Elementarteilchen zum „Anfassen“ an der Kreuzburg
Forschen mit echten Daten aus der Teilchenphysik konnten Schülerinnen und Schüler der Leistungskurse in Physik.
Was ist kurz nach dem Urknall passiert? Was sind die kleinsten Bausteine der Natur und was ist eigentlich dunkle Materie? Wie kann man jene Elementarteilchen analysieren, die nicht isoliert existieren können? Diesen und anderen Fragen gehen Teilchenphysiker in der ganzen Welt nach.

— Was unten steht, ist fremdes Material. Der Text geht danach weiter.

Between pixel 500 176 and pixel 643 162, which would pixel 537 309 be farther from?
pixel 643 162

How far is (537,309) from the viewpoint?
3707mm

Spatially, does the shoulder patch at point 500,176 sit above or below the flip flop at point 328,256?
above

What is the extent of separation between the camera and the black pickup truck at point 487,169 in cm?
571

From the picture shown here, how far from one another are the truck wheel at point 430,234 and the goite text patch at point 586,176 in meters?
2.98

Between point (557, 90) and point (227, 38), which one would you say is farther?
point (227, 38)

Mithilfe von riesigen Teilchenbeschleunigern wie am CERN in Genf gehen sie der Entstehung der Welt auf den Grund und schließen von den kleinsten Teilchen auf die großen Zusammenhänge im Universum.

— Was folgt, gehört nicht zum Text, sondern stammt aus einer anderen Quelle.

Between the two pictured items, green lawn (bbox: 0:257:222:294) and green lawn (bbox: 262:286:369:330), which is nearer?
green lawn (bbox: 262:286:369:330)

Am 13. Februar präsentierten Carsten Klein, Marco Marquard und Sebastian Scheid vom Institut für Kernphysik der Goetheuniversität Frankfurt aktuelle Forschungsergebnisse der Grundlagenforschung am CERN. Damit wurde bereits zum dritten Mal in Kooperation mit der Universität an der Kreuzburg der Projekttag „masterclass teilchenphysik“ erfolgreich durchgeführt. Das Netzwerk Teilchenwelt ist ein Zusammenschluss von mehr als 20 Universitätsinstituten und wissenschaftlichen Einrichtungen in Deutschland und seit 2010 ist auch die Universität Frankfurt Mitglied dieses Netzwerkes. Bereits 2011 haben die ersten Leistungskurse des Franziskanergymnasiums an diesem Projekt teilgenommen.

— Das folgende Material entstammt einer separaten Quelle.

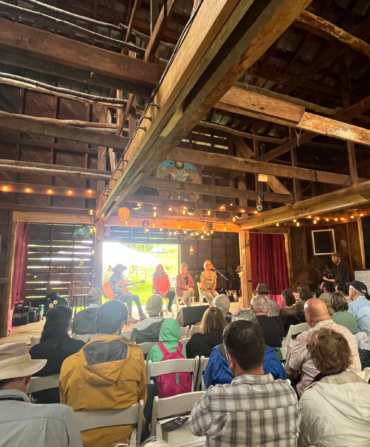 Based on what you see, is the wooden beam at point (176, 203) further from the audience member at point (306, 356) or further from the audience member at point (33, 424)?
the audience member at point (33, 424)

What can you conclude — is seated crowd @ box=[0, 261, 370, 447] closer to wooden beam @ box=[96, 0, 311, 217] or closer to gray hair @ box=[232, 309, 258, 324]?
gray hair @ box=[232, 309, 258, 324]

Im Projekt werden die Schülerinnen und Schüler der Oberstufe in aktuelle Arbeitsweisen an den Experimenten eingeführt. Dabei haben sie die Möglichkeit, selbst Daten zu analysieren und einen Einblick in den Arbeitsalltag eines Teilchenphysikers zu gewinnen.
In den Informatikräumen wurde zunächst in einer anschaulichen Präsentation von Carsten Klein ein Tor in die Welt der allerkleinsten Teilchen, ungelöster physikalischer Probleme und der Arbeit an den Teilchenbeschleunigern geöffnet. Humorvoll und unterhaltsam mit Zitaten aus aktuellen Fernsehsendungen und Anekdoten gewann der Referent die Aufmerksamkeit seiner jugendlichen Zuhörer. Die anspruchsvollen Zwischen- und Nachfragen der Schülerinnen und Schüler ließen erkennen, wie tief diese bereits in die Welt der Physik eingetaucht sind.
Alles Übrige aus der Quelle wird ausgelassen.